## What is needed
Write out the full set of records exactly. Any pictures in them do not belong in the copy.

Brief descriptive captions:
★ ★ ★

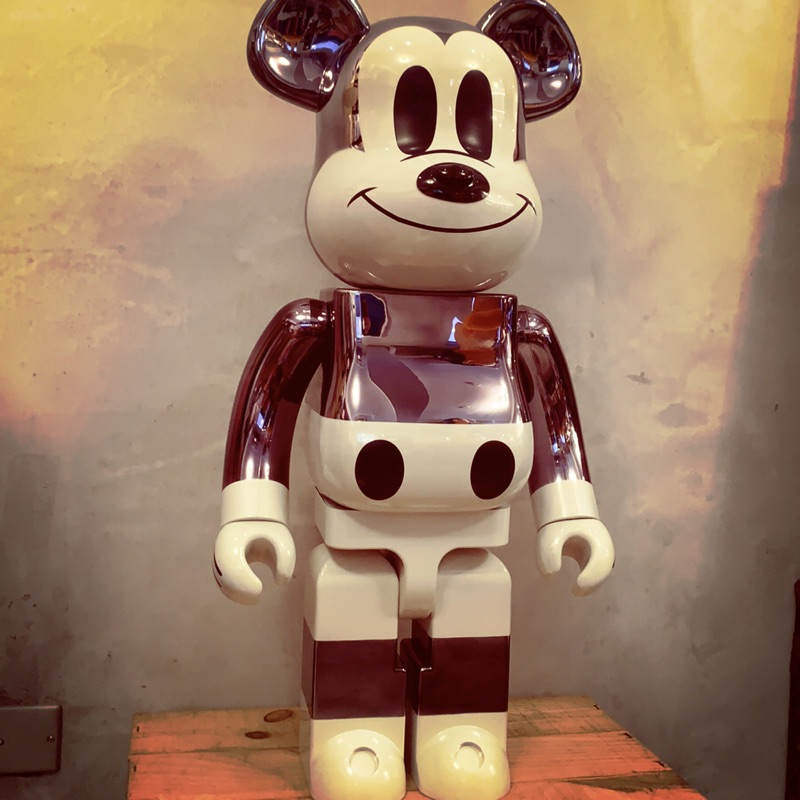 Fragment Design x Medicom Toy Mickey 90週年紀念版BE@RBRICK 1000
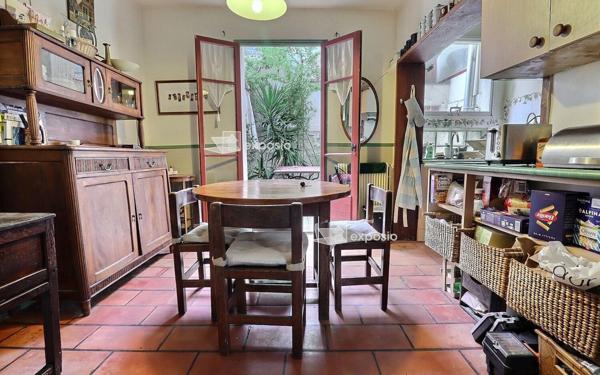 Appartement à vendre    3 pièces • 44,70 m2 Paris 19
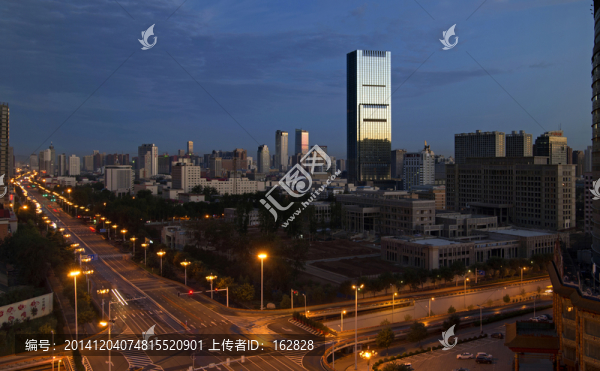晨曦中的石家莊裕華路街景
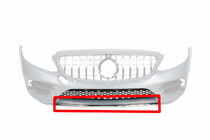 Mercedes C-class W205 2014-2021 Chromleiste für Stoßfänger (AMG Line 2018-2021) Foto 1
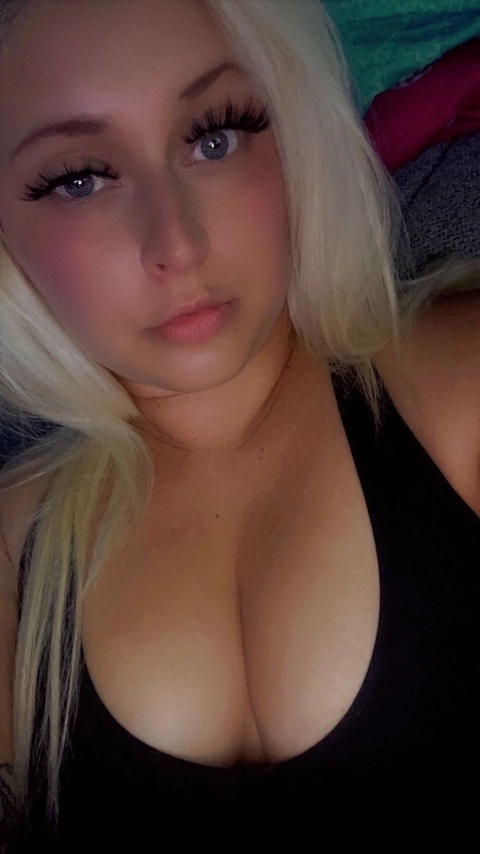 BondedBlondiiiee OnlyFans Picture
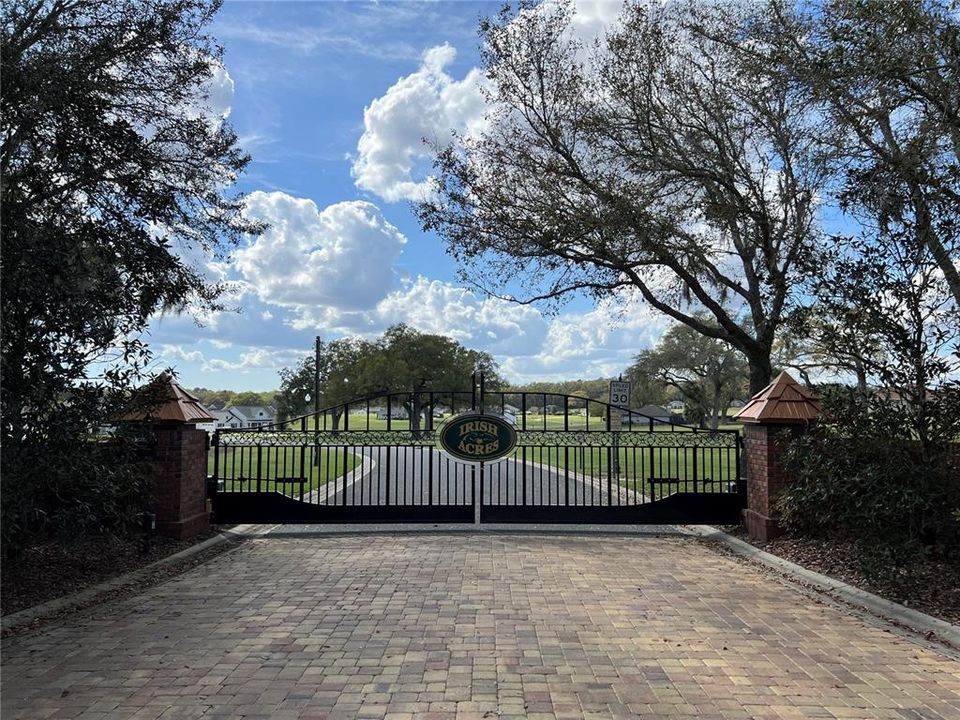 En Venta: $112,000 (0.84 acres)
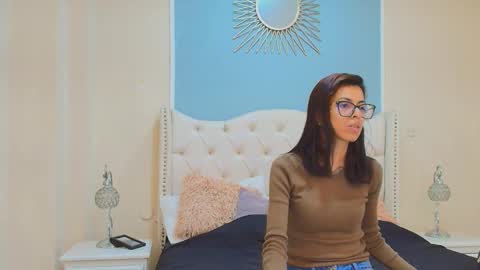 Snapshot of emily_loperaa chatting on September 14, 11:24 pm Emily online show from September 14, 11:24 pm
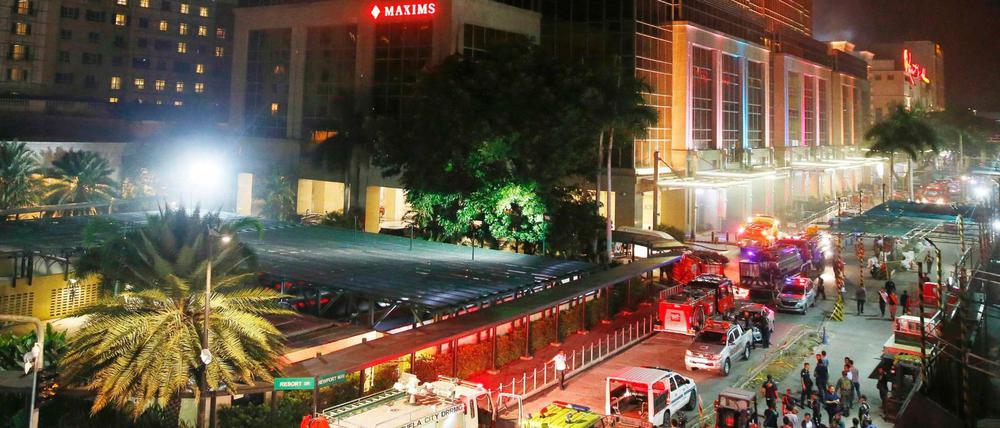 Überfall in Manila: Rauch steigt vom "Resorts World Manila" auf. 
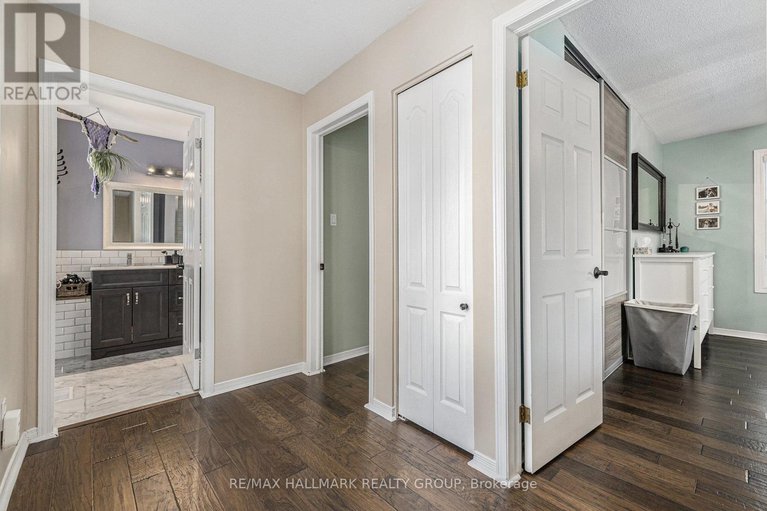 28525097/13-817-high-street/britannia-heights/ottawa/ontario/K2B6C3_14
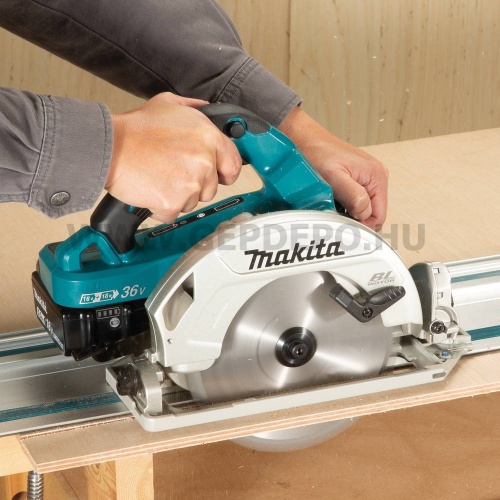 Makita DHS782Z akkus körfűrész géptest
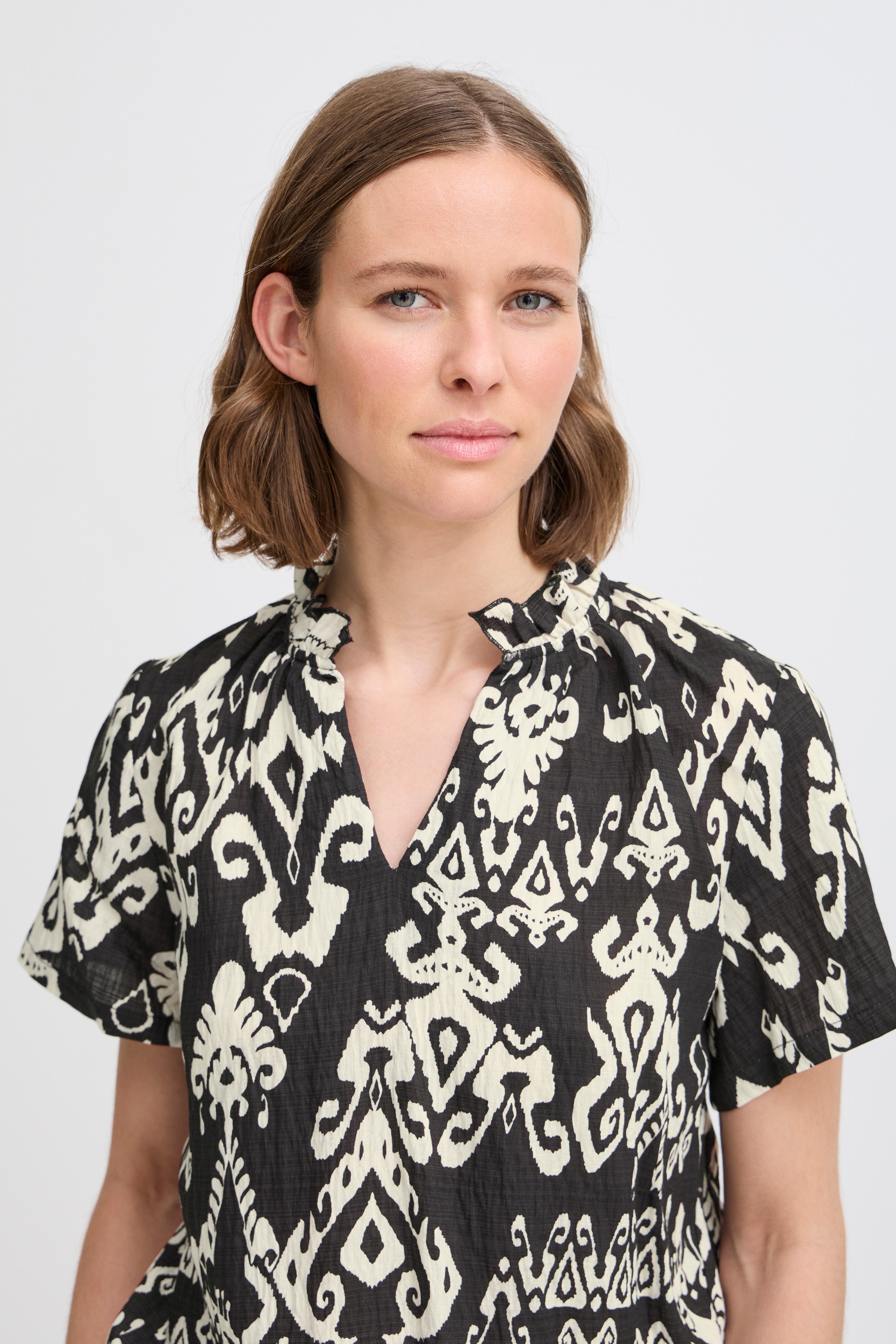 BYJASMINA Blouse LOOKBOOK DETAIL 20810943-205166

★ ★ ★

## Response to the task
 Fragment Design x Medicom Toy Mickey 90週年紀念版BE@RBRICK 1000
 Appartement à vendre    3 pièces • 44,70 m2 Paris 19
晨曦中的石家莊裕華路街景
 Mercedes C-class W205 2014-2021 Chromleiste für Stoßfänger (AMG Line 2018-2021) Foto 1
 BondedBlondiiiee OnlyFans Picture
 En Venta: $112,000 (0.84 acres)
 Snapshot of emily_loperaa chatting on September 14, 11:24 pm Emily online show from September 14, 11:24 pm
 Überfall in Manila: Rauch steigt vom "Resorts World Manila" auf. 
 28525097/13-817-high-street/britannia-heights/ottawa/ontario/K2B6C3_14
 Makita DHS782Z akkus körfűrész géptest
 BYJASMINA Blouse LOOKBOOK DETAIL 20810943-205166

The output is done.